G.R. No. 196970, April 02, 2014 - PEOPLE OF THE PHILIPPINES, Plaintiff–Appellee, v. RENE SANTIAGO, Accused–Appellant.

PHILIPPINE SUPREME COURT DECISIONS

SECOND DIVISION

G.R. No. 196970, April 02, 2014

PEOPLE OF THE PHILIPPINES, Plaintiff–Appellee, v. RENE SANTIAGO, Accused–Appellant.

R E S O L U T I O N

DEL CASTILLO, J.:

Appellant Rene Santiago was charged with two counts of rape. The Informations1 read as follows:

Criminal Case No. 3541:

That on December 25, 2004 at around 12:30 in the morning in Brgy. Pingit, Municipality of Baler, Province of Aurora and within the jurisdiction of this Honorable Court, the said accused, did then and there willfully, unlawfully and feloniously, by means of threats and intimidation, [have] carnal knowledge of “AAA”,2 who was then an eleven[–]year old girl, by inserting his penis into her vagina against her will and consent and effectively prejudicing her development as a child.

CONTRARY TO LAW.

Criminal Case No. 3542:

That on January 21, 2005 in Brgy.
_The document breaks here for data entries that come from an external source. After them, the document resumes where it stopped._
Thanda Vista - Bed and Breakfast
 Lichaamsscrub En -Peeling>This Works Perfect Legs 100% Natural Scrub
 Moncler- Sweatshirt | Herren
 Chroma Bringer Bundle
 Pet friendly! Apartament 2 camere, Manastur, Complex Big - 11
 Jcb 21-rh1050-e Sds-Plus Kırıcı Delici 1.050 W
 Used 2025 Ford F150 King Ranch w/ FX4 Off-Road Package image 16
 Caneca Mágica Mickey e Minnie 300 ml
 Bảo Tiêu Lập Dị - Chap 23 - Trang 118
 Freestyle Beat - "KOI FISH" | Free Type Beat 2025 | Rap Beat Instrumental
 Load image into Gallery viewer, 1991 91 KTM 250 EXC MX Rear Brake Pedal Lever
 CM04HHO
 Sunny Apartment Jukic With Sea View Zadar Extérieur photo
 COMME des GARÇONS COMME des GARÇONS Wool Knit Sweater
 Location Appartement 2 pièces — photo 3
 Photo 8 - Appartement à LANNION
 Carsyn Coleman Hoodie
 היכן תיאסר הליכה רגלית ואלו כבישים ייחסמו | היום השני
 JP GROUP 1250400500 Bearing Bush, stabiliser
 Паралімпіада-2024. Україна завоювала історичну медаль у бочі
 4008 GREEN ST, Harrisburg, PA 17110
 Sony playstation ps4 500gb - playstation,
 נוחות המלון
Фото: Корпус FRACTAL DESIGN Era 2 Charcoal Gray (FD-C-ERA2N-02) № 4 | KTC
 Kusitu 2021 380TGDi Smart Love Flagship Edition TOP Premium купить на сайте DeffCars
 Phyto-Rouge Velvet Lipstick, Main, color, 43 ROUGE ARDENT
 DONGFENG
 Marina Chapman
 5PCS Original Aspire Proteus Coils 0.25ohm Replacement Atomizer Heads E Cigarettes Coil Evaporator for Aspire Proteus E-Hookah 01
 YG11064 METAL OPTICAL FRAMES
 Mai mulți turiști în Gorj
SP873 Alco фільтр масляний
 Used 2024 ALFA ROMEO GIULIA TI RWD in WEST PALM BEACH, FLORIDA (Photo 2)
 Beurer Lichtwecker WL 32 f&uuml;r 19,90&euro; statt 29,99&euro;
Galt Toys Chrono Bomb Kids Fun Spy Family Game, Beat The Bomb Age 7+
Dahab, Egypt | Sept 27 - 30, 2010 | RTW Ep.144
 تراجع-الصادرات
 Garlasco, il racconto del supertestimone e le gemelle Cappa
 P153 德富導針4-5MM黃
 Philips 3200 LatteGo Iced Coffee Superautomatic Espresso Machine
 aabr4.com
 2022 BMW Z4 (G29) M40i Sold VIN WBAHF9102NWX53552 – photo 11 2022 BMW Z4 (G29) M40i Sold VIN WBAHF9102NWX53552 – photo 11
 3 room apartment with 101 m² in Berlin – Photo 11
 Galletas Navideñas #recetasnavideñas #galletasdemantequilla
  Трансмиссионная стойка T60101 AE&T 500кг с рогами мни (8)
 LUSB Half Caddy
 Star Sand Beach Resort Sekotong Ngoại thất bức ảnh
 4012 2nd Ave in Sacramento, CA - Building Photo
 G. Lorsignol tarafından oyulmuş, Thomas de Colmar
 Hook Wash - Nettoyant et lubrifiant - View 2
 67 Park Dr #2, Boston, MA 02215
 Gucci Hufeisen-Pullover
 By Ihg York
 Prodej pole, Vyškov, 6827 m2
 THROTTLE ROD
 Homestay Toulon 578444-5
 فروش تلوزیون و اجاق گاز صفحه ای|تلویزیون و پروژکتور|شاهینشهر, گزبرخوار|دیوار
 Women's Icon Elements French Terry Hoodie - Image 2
Zabali, Municipality of Baler, Province of Aurora and within the jurisdiction of this Honorable Court, the said accused, did then and there willfully, unlawfully and feloniously, by means of threats and intimidation, [have] carnal knowledge of “AAA”, who was then an eleven[–]year old girl, by inserting his penis into her vagina against her will and consent and effectively prejudicing her development as a child.

CONTRARY TO LAW.

When arraigned on March 24, 2006, appellant entered a plea of not guilty.3 Appellant’s defense of denial and alibi was not given any credence by the trial court for being self–serving and unsubstantiated and considering his positive identification by “AAA”. Consequently, on June 7, 2007, the Regional Trial Court of Baler, Aurora, Branch 96, rendered a Joint Decision4 convicting appellant of two counts of simple rape, viz:

WHEREFORE, premises considered, the Court finds accused Rene Santiago GUILTY beyond reasonable doubt of two counts of the crime of RAPE, defined under Article 266–A(1)(a) and penalized under Article 266–B of the Revised Penal Code, and hereby sentences him to suffer the penalty of reclusion perpetua for each of the two cases and to pay the victim “AAA”, for said two counts of rape, the amount of One Hundred Thousand Pesos (Php100,000.00) as civil indemnity, the amount of One Hundred Thousand Pesos (Php100,000.00) as moral damages, and Fifty Thousand Pesos (Php50,000.00) as exemplary damages.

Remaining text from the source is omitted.